Justin Sun Got What He Wished For
In an intriguing turn of events, Justin Sun is now trading meme coins to raise funds for charitable causes – a fascinating sign of our times. While Justin's intentions may be commendable, it's akin to adding fuel to an already fiery situation. Scammers, opportunists, and meme enthusiasts have wasted no time in sending low-quality coins to his wallet. Some are even impersonating him to deceive others. Please exercise extreme caution. Justin Sun can afford to take financial hits, many times over, but the same may not apply to the rest of us. Avoid becoming reckless in your investment decisions.
#Deletecoinbase Is Trending
Coinbase sent out an email that pissed off the Pepe community and now there is Twitter beef between the two. The community is upset that Coinbase said the following: “The token is based on the Pepe the Frog meme, which first surfaced on the internet nearly 20 years ago as a comic-strip character. Over time it has been co-opted as a hate symbol by alt-right groups, according to the Anti-Defamation League.” I don't care what you believe, just don't lose money on a meme coin. Coinbase went on to apologize for their mischaracterization.
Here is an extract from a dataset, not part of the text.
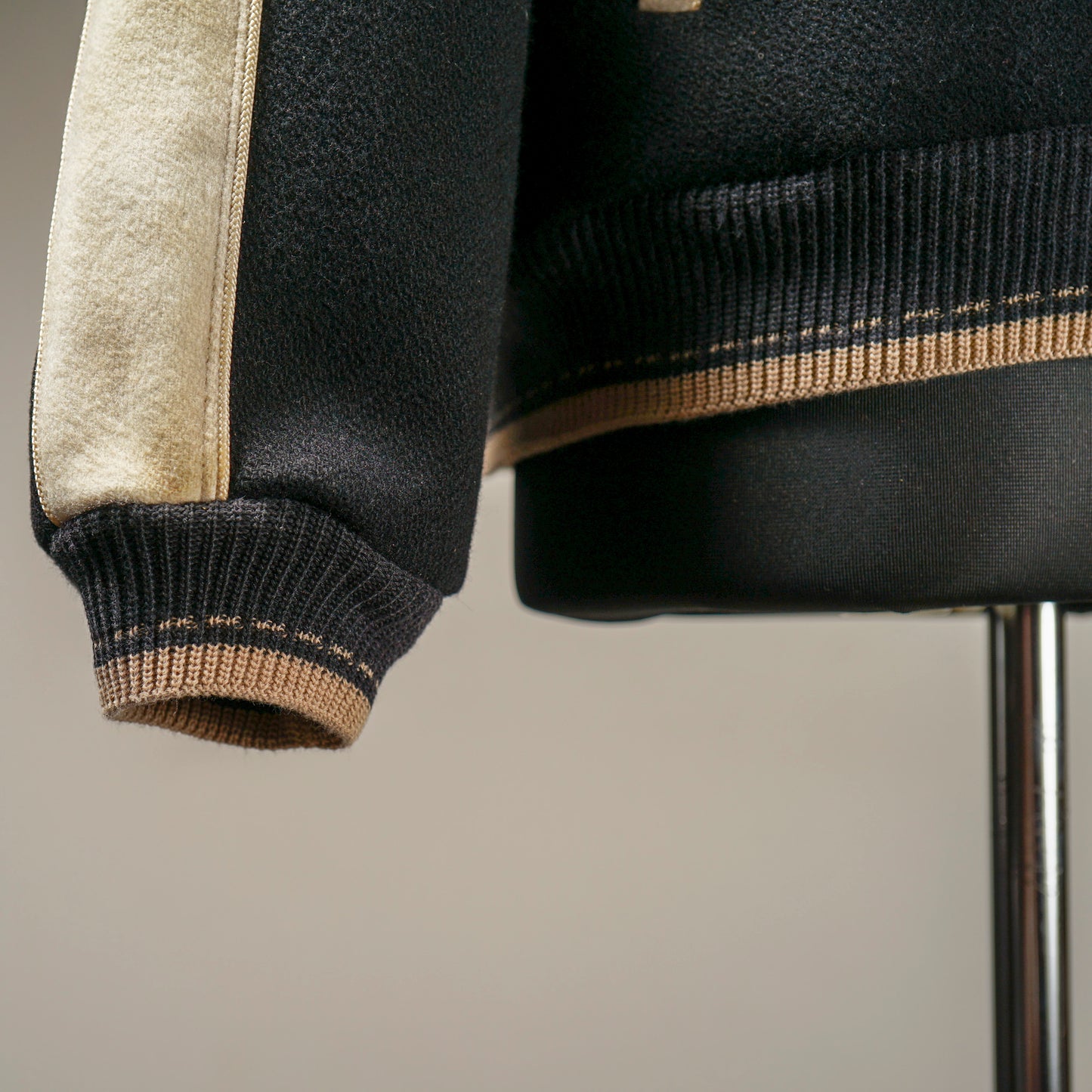V8 - CLUB JACKET / OC-23-AW-04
Coinbase Found A Powerful Ally
The anticipation is escalating as the U.S. Court of Appeals has allowed cryptocurrency firms to enter the legal fray against the SEC. Intriguingly, among the briefs being filed, Coinbase has found an unexpected ally in the U.S. Chamber of Commerce. Indeed, you read that right – not the Chamber of Digital Commerce, which concentrates specifically on crypto-related matters, but the largest lobbying group in the United States.
This is what the U.S. Chamber of Commerce said in their brief: “nobody knows for certain which digital assets, if any, are ‘securities’ under federal law. That is no small question. It has immense implications for every person involved in the $1 trillion digital-asset economy, and it is the threshold regulatory question from which all others flow.” It’s not over until the fat lady sings, but this is promising for Coinbase and for broader regulatory clarity.
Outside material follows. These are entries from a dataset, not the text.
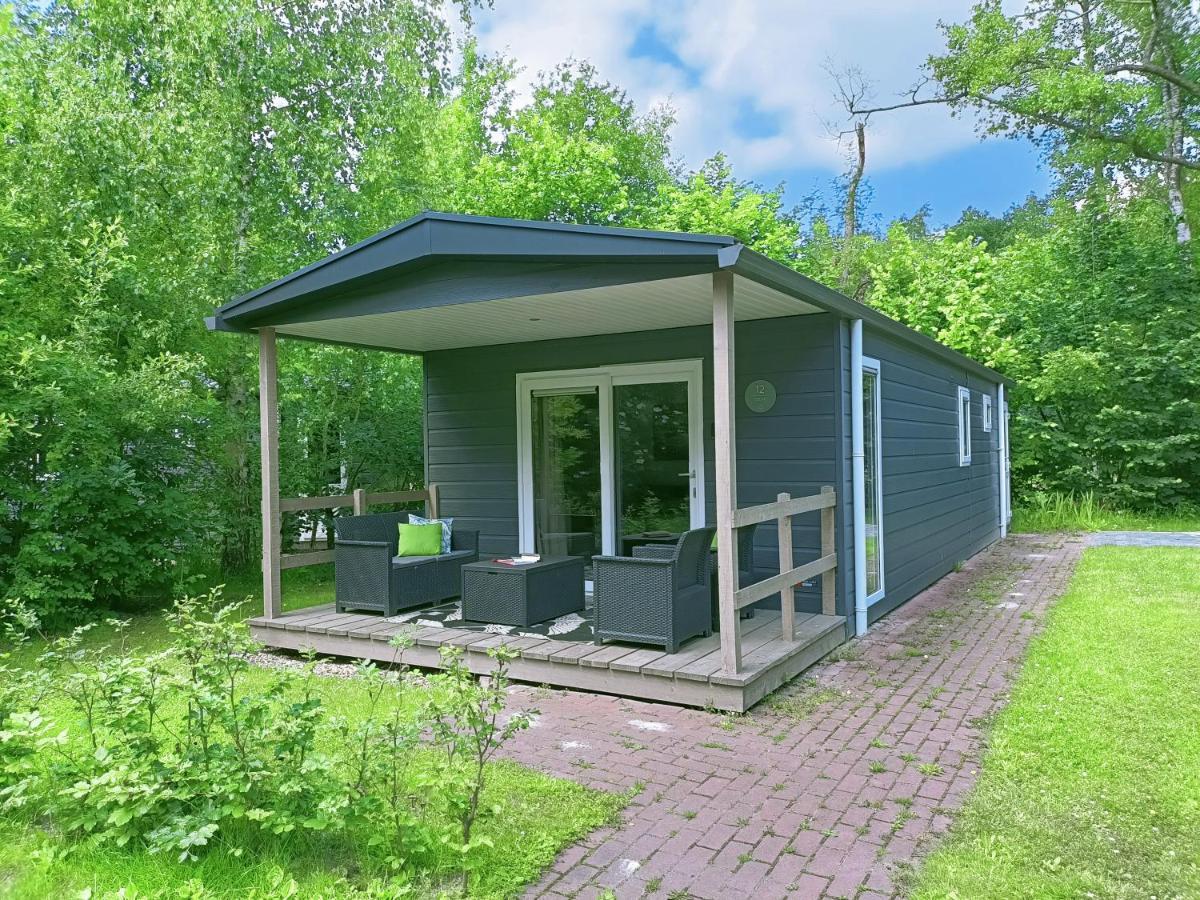 4p chalet TOLVE met 2 fietsen vlakbij natuurgebieden Drents Friese Wold, Fochteloërveen en gevangenisdorp Veenhuizen Oosterwolde  Buitenkant foto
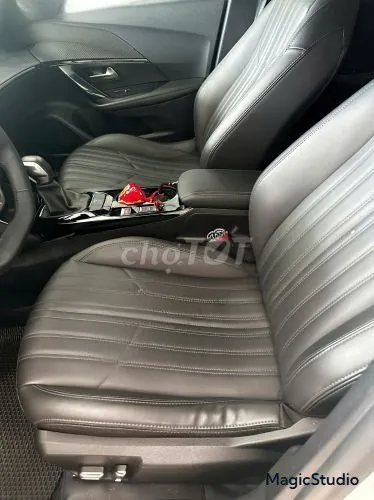 Peugeot 2008 2022 photo 5
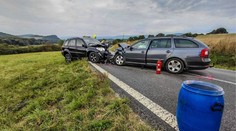 Čelná zrážka dvoch vozidiel v Košickom kraji ochromila dopravu. Úsek je neprejazdný
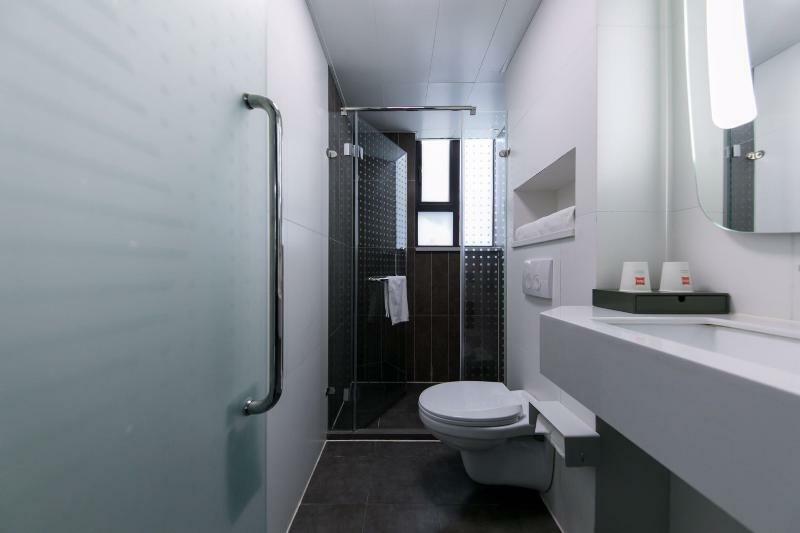 Ibis Shanghai Gubei Exteriör bild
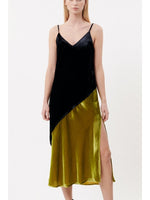Load image into Gallery viewer, Engy Velvet Dress in Bleu Marine
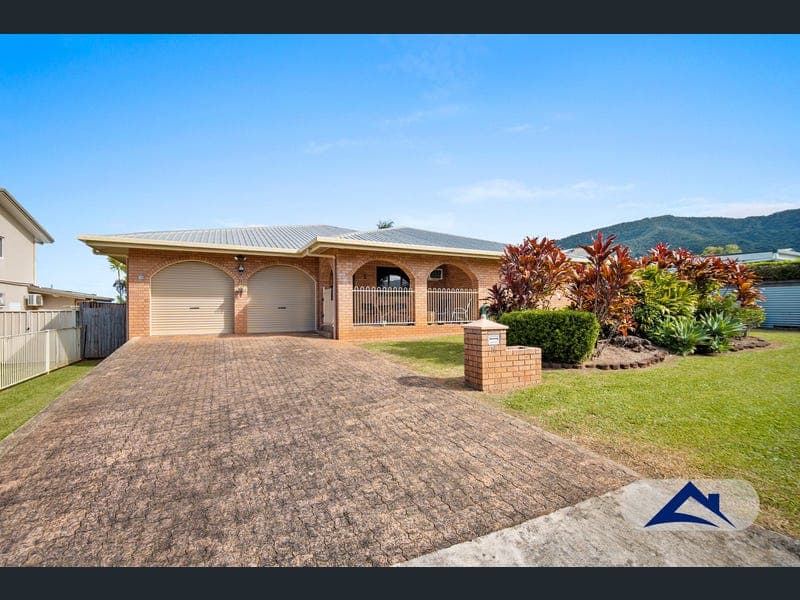 16 Grandview Crescent, Earlville — photo 1 of 5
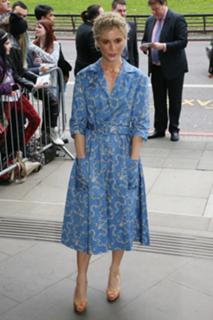 Emilia Fox feet photo thumbnail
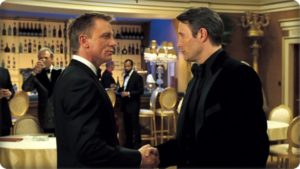 James Bond - Casino Royale el sıkışma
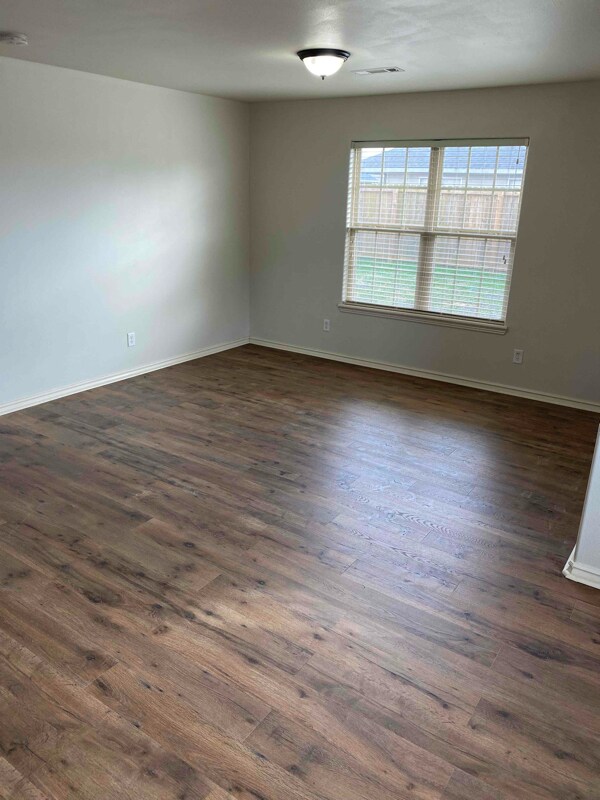 Building Photo - 918 Oakwood Ln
Did The Ethereum Chain Go Down?
On May 11, an unidentified problem on Ethereum's Beacon Chain caused a disruption in transaction finality for around 30 minutes. Although new blocks could be proposed, an unknown issue prevented them from being finalized. This issue was somewhat similar to a previous incident on March 15, where low validator participation rates led to a delay on the Ethereum Goerli testnet.
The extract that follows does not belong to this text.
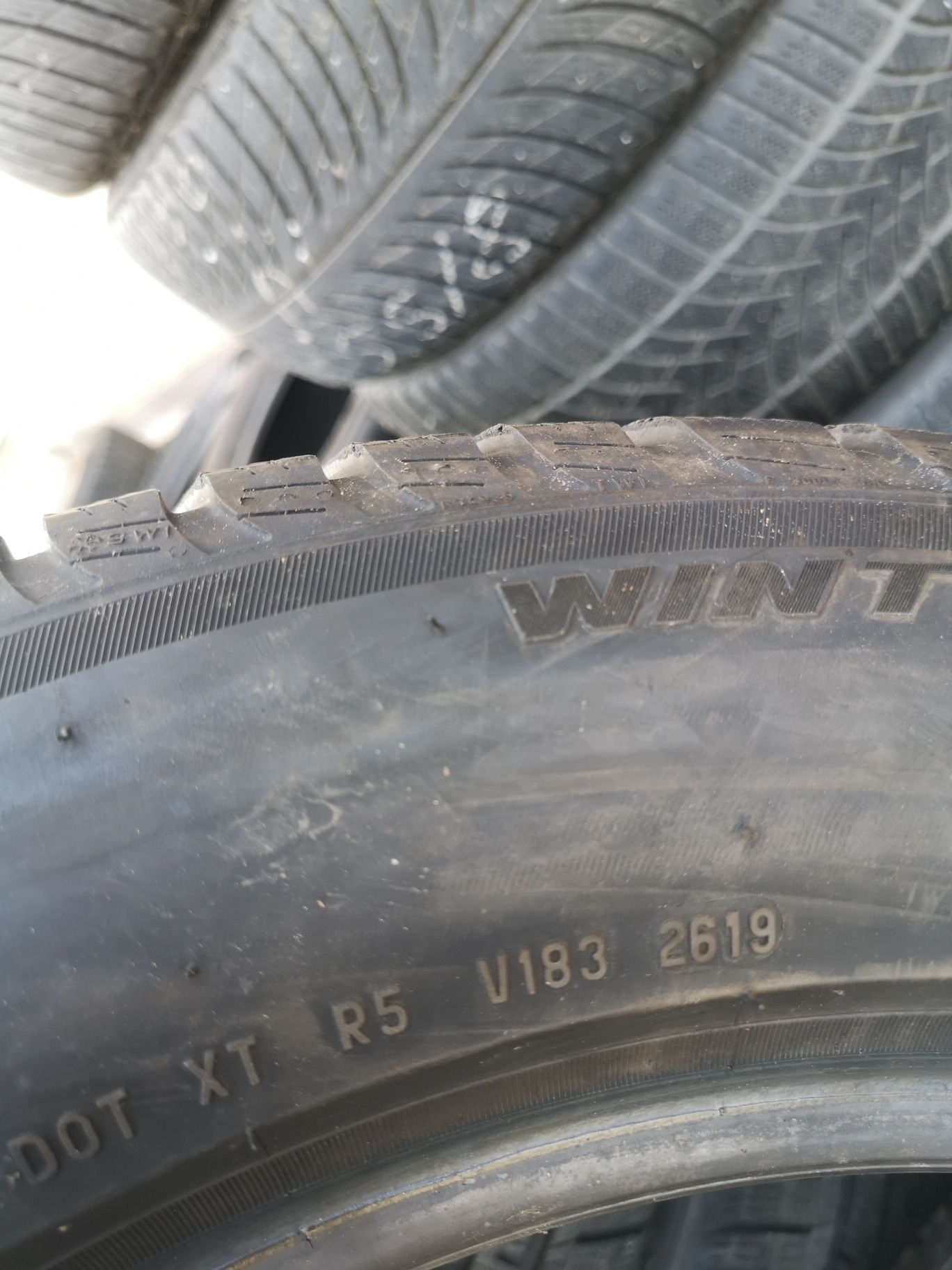 Anvelope, cauciucuri iarnă runflat Pirelli 225 60 18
The Beacon Chain is Ethereum’s original proof-of-stake blockchain, which officially merged with the original proof-of-work Ethereum chain on Sept. 15, 2022, marking the network's full transition to a more efficient and eco-friendly proof-of-stake consensus mechanism.
After 25 minutes of disruption, the mainnet started finalizing blocks again, as announced by Ethereum core developer Preston Van Loon. The root cause of the issue is still unknown, but it is under investigation to prevent future recurrence.
The temporary loss of finality was kept brief partly due to "client diversity," as noted by pseudonymous Ethereum consultant Superphiz. This concept refers to the variety of software clients available to network validators, which contributes to a more secure and robust network. Superphiz suggested that such incidents could be avoided if no single client had more than 33% control.
US Regulators Are Trying To Kill Crypto | Will We Survive?
Live panel with Joshua Frank (The Tie), Sidney Powell (Maple Finance), and Scott Dykstra (Space & Time).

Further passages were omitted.